Notes - Grokking Continuous Delivery

This post is my summary from the book Grokking Continuous Delivery.

Continuous integration is the process of combining code changes frequently, with each change verified on check-in.

Continuous delivery is the collection of processes that we need to have in place to ensure that multiple software engineers, writing professional-quality software, can create software that does what they want.

It aims

  • Release changes at any time.
  • Delivering the software as simple as pushing a button.

Phases

  1. Lint
  2. Test
  3. Build (could be creating an image)
  4. Publish (could be upload image to image registry)
  5. Release (update running service to use the new image)

To really be sure you can safely deliver changes to your software, you need to be accumulating and verifying changes to all the plain-text data that makes up your software, including the configuration. aka config as code

Lint

Linters give you bugs, errors in your code.

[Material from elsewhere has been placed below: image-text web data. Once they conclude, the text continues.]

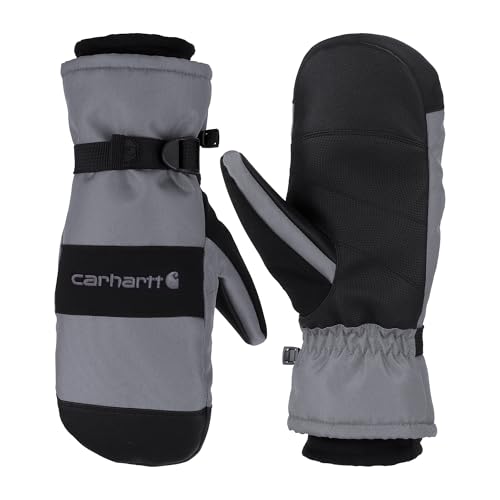 Gants étanches Carhartt contre les mains gelées par temps froid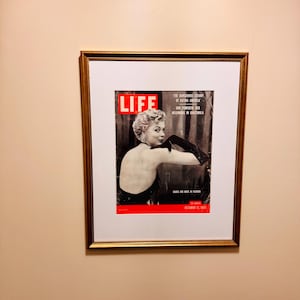 1953 life magazine - Etsy 日本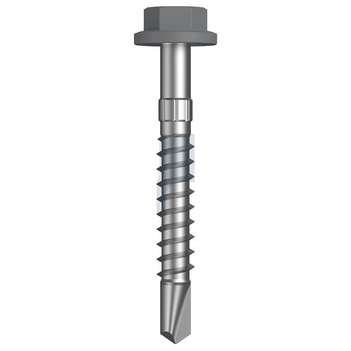 Bluegum Class 4 Finish Metal SDS Flanged Hex Head Scratchguard Hobson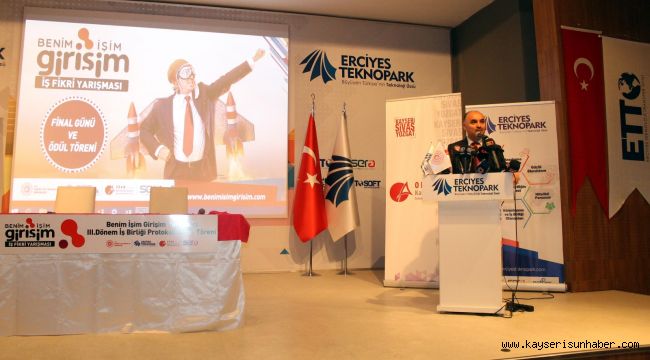 Vali Günaydın: İcat Çıkaracağız, Yenilikçi Olacağız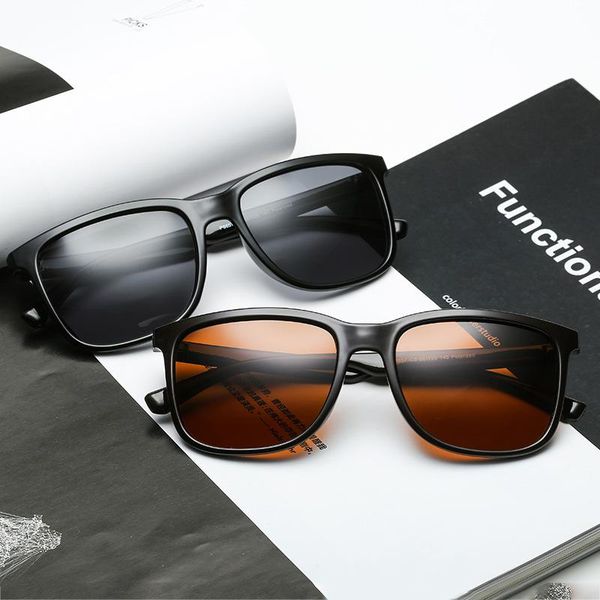 sunglasses polarized for men fashion trend design accessory male eyewear driving sun glasses, White;black
sunglasses polarized for men fashion trend design accessory male eyewear driving sun glasses, White;black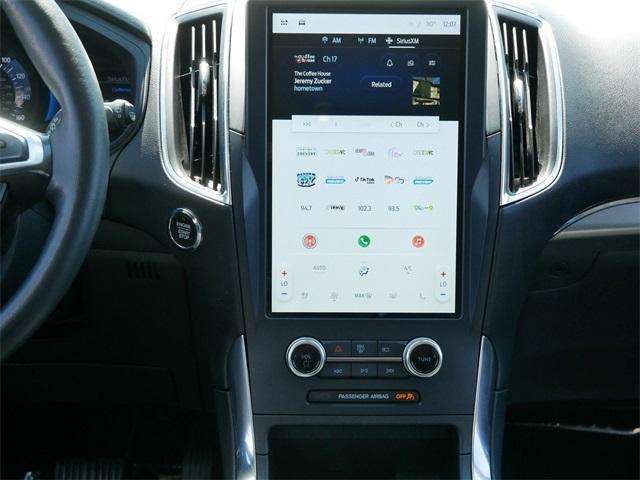 used 2024 Ford Edge car, priced at $27,999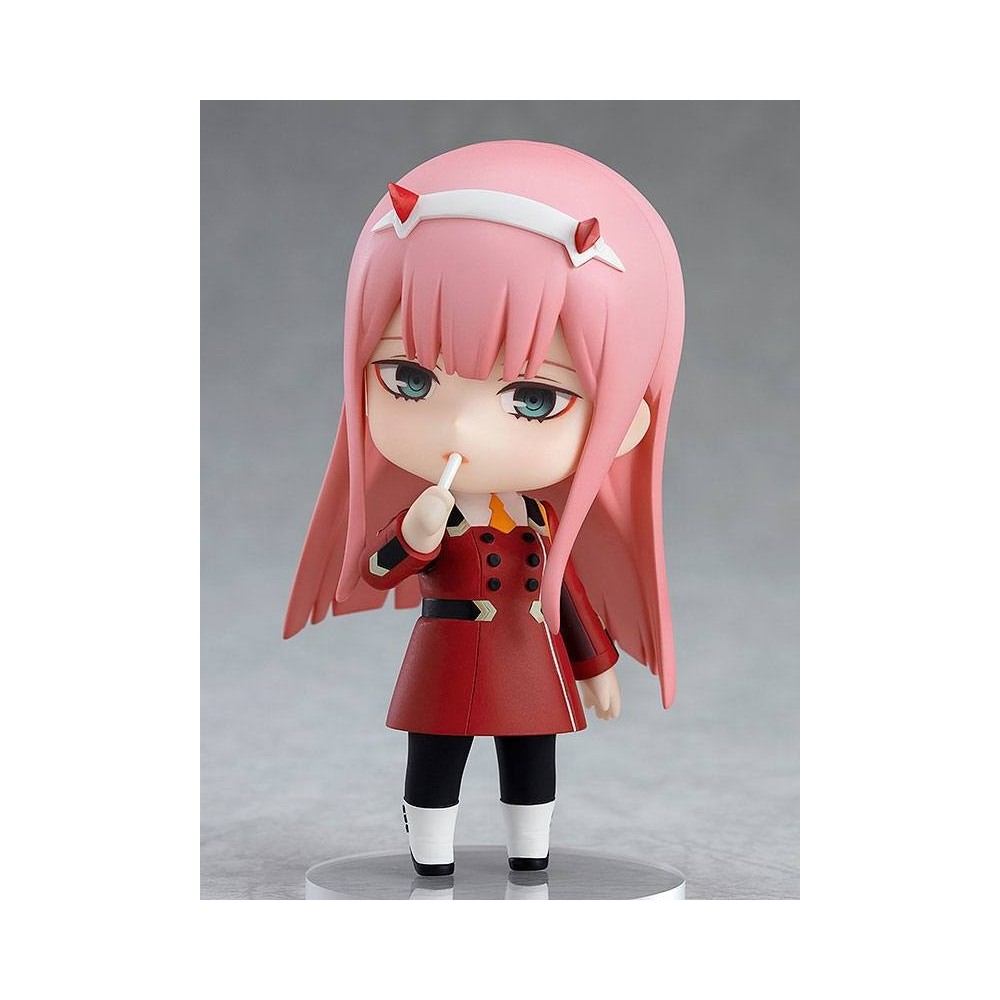 DARLING IN THE FRANXX ZERO TWO NENDOROID ACTION FIGURE GOOD SMILE COMPANY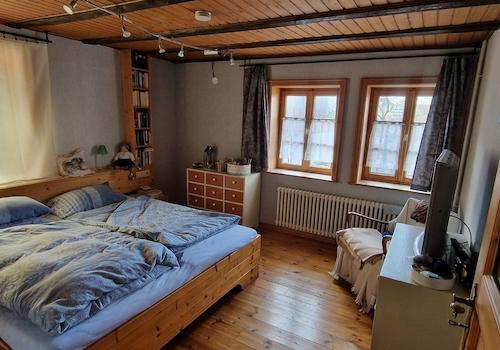 Schlafzimmer OG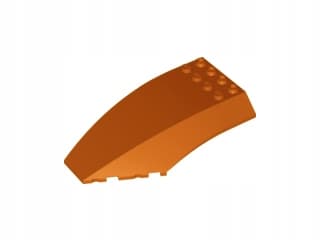 Lego 45705 Dark Orange 4654114 P490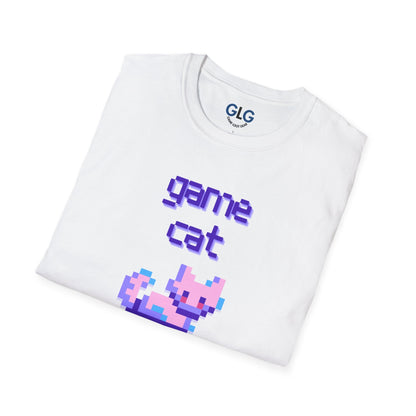 Game Cat T-shirt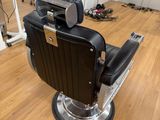 an image of a barber chair in a hair salon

It could be things like unused variable, formatting error or any bug that prevents from compiling.

If it’s a legacy project that has thousands of errors, you can’t tackle them at once. In that case;

  1. Prevent adding more errors by measuring. If new prs increase error count, do not accept them.
  2. If some parts of project doesn’t updated recently, and just works fine, you may just exclude them from linter. On the other hand, if the project is small or new, you can tackle every linting error in a short period of time and don’t accept any prs with linting error.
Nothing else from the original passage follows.